**Assignment:**
Since pictures are not wanted, repeat only the text of the records, word for word.

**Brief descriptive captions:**

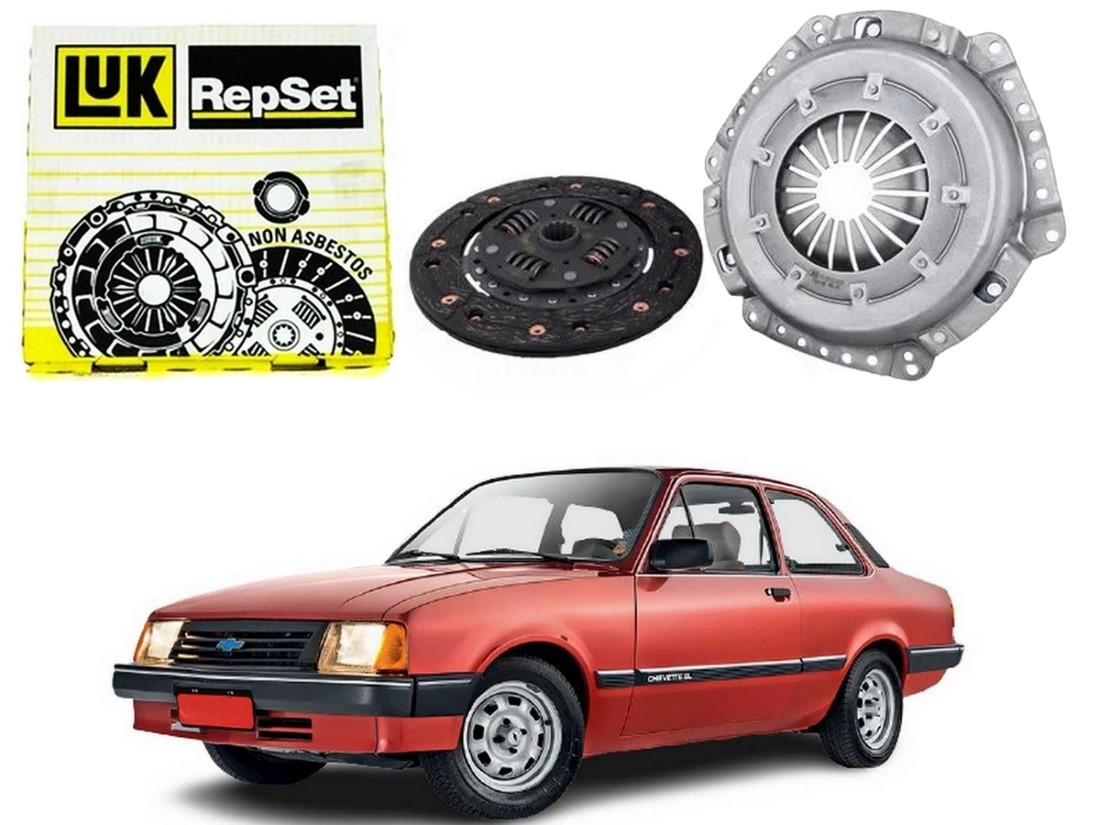  KIT EMBREAGEM LUK ORIGINAL CHEVROLET CHEVETTE 1.6 1988 A 1994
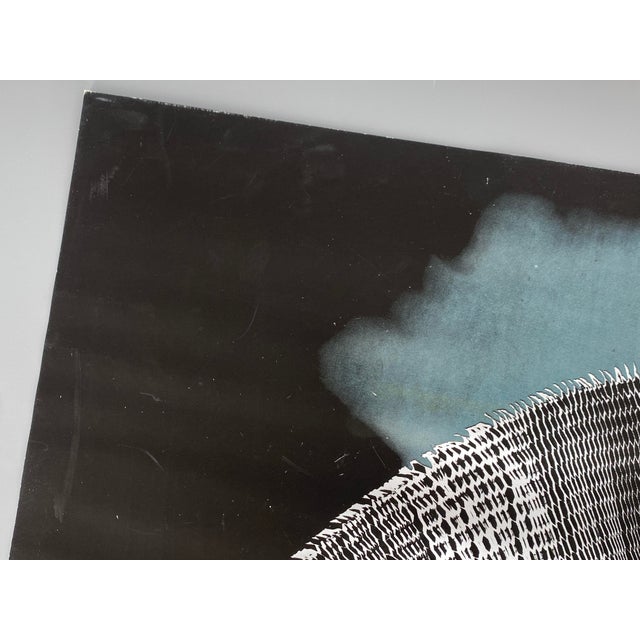 1970s Heinz Mack, Wings and Cloud, 1972, Screen Print For Sale - Image 5 of 12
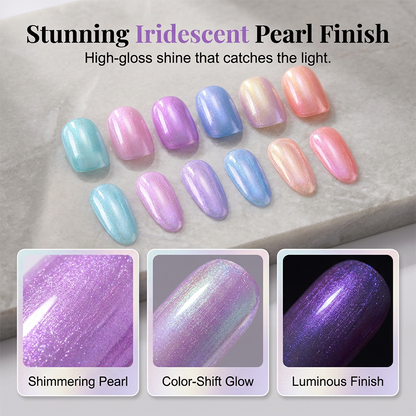6-Piece Gel Nail Polish Pen Set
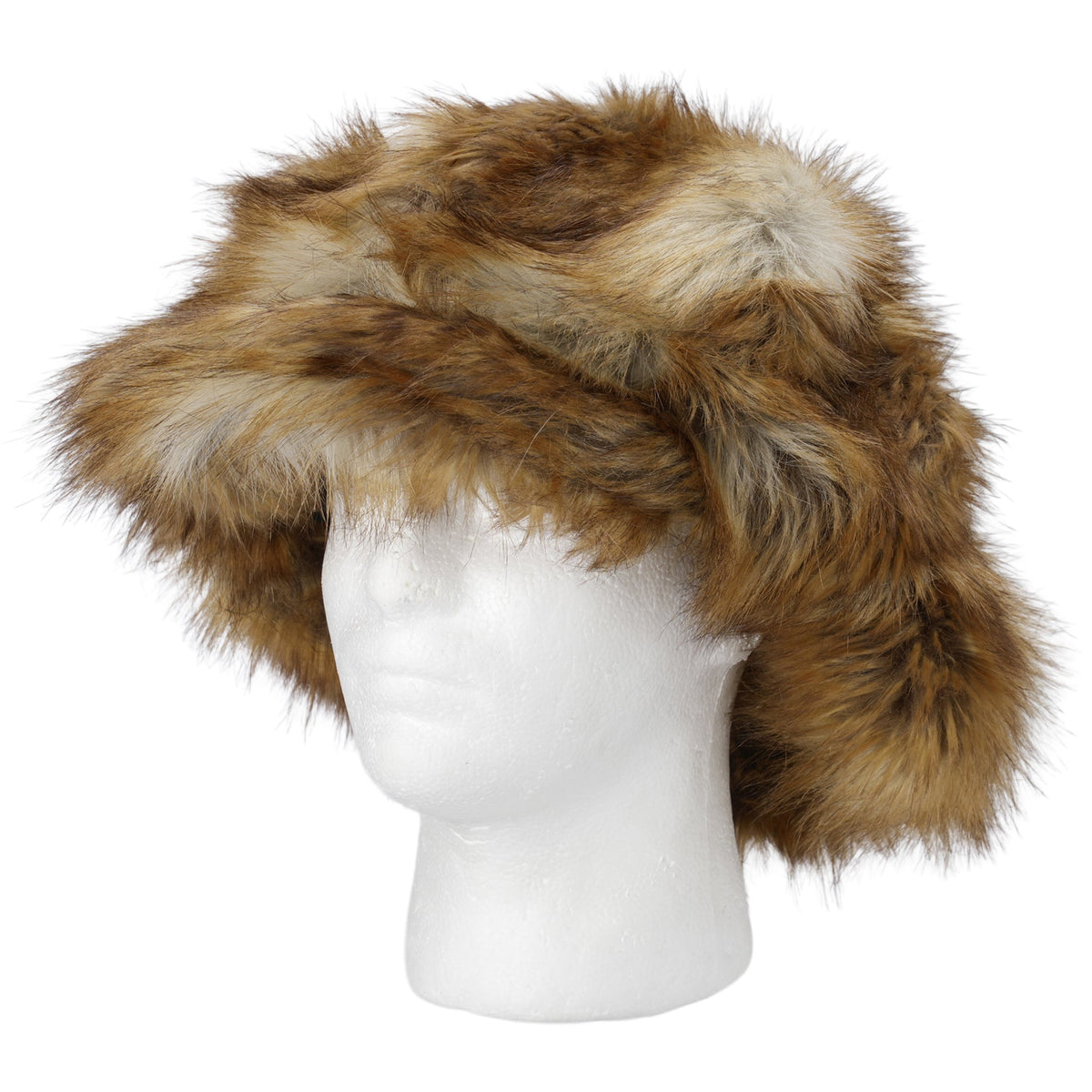 KAMIYA × CA4LA FAUX FUR NEWSBOY CAP / BROWN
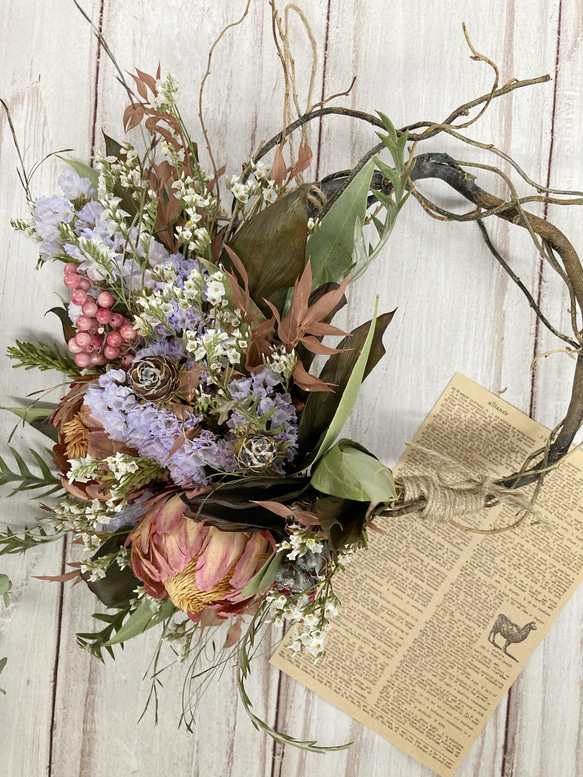 7.秋色紫陽花ハーフリース 7.秋色紫陽花ハーフリース 7.秋色紫陽花ハーフリース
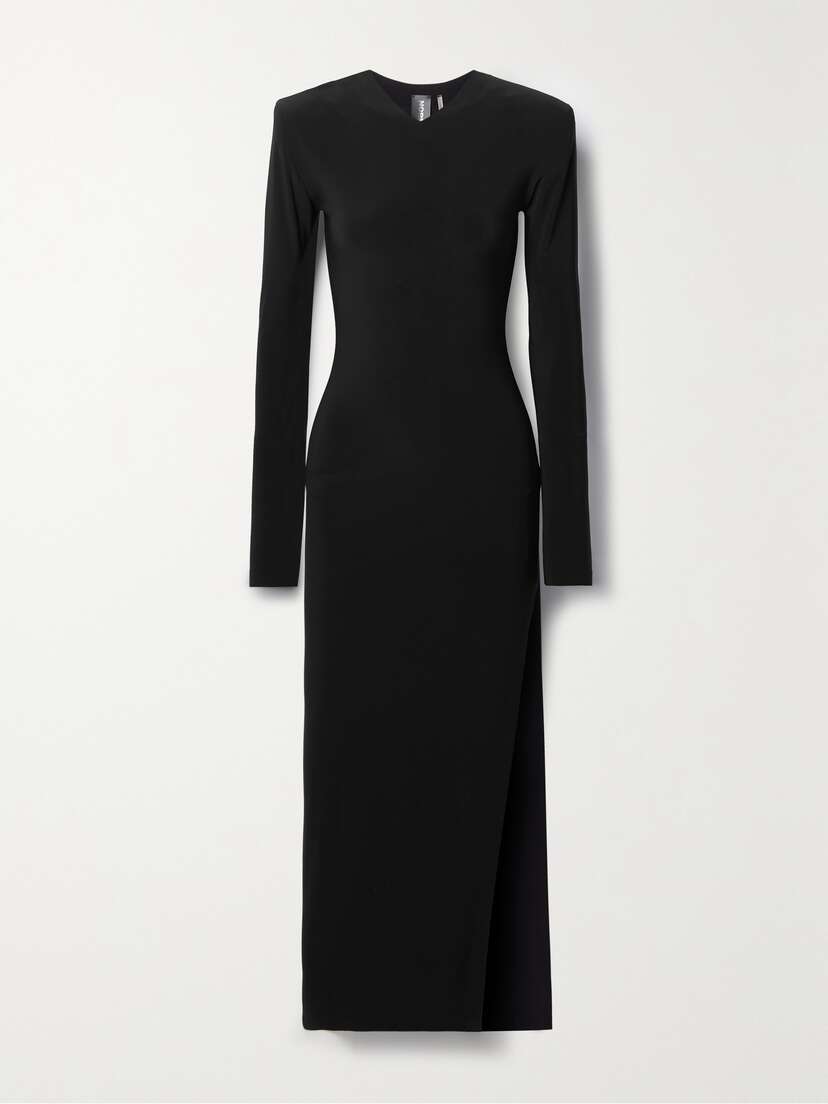 Norma Kamali Stretch-jersey Midi Dress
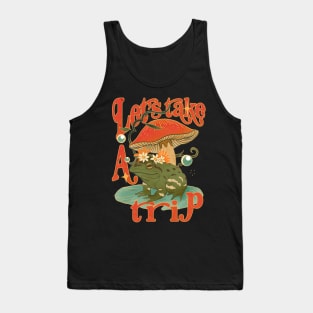 Let's Take a Trip Mushroom Frog Toad Tank Top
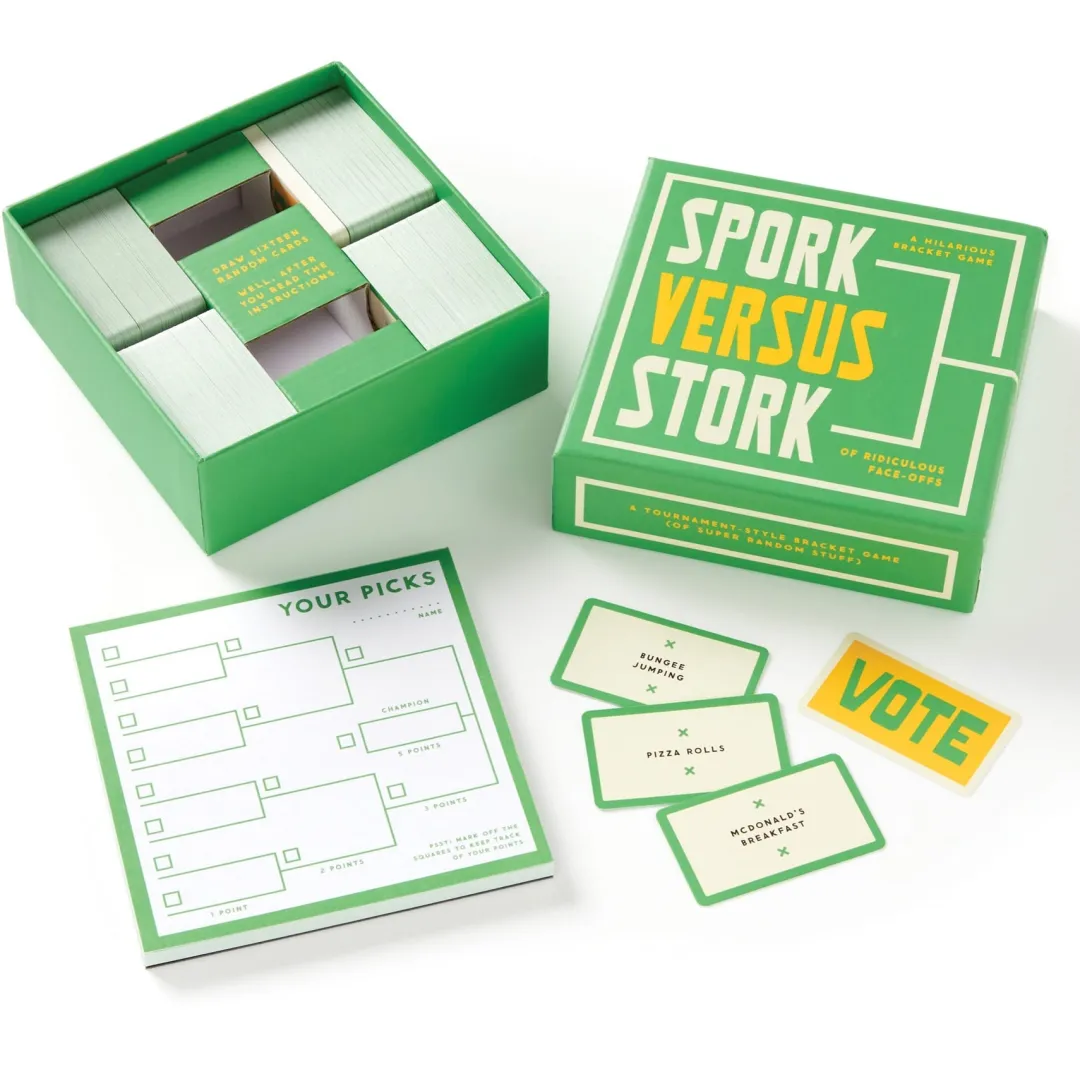 Galison Spork Versus Stork Social Game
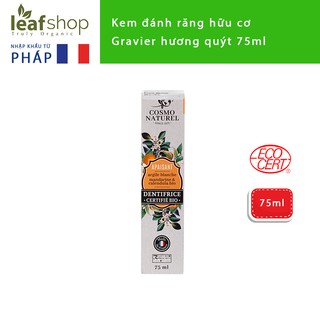 Kem Đánh Răng Hữu Cơ Gravier Hương Quýt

**Response to this task:**
  KIT EMBREAGEM LUK ORIGINAL CHEVROLET CHEVETTE 1.6 1988 A 1994
 1970s Heinz Mack, Wings and Cloud, 1972, Screen Print For Sale - Image 5 of 12
6-Piece Gel Nail Polish Pen Set
 KAMIYA × CA4LA FAUX FUR NEWSBOY CAP / BROWN
 7.秋色紫陽花ハーフリース 7.秋色紫陽花ハーフリース 7.秋色紫陽花ハーフリース
 Norma Kamali Stretch-jersey Midi Dress
 Let's Take a Trip Mushroom Frog Toad Tank Top
 Galison Spork Versus Stork Social Game
 Kem Đánh Răng Hữu Cơ Gravier Hương Quýt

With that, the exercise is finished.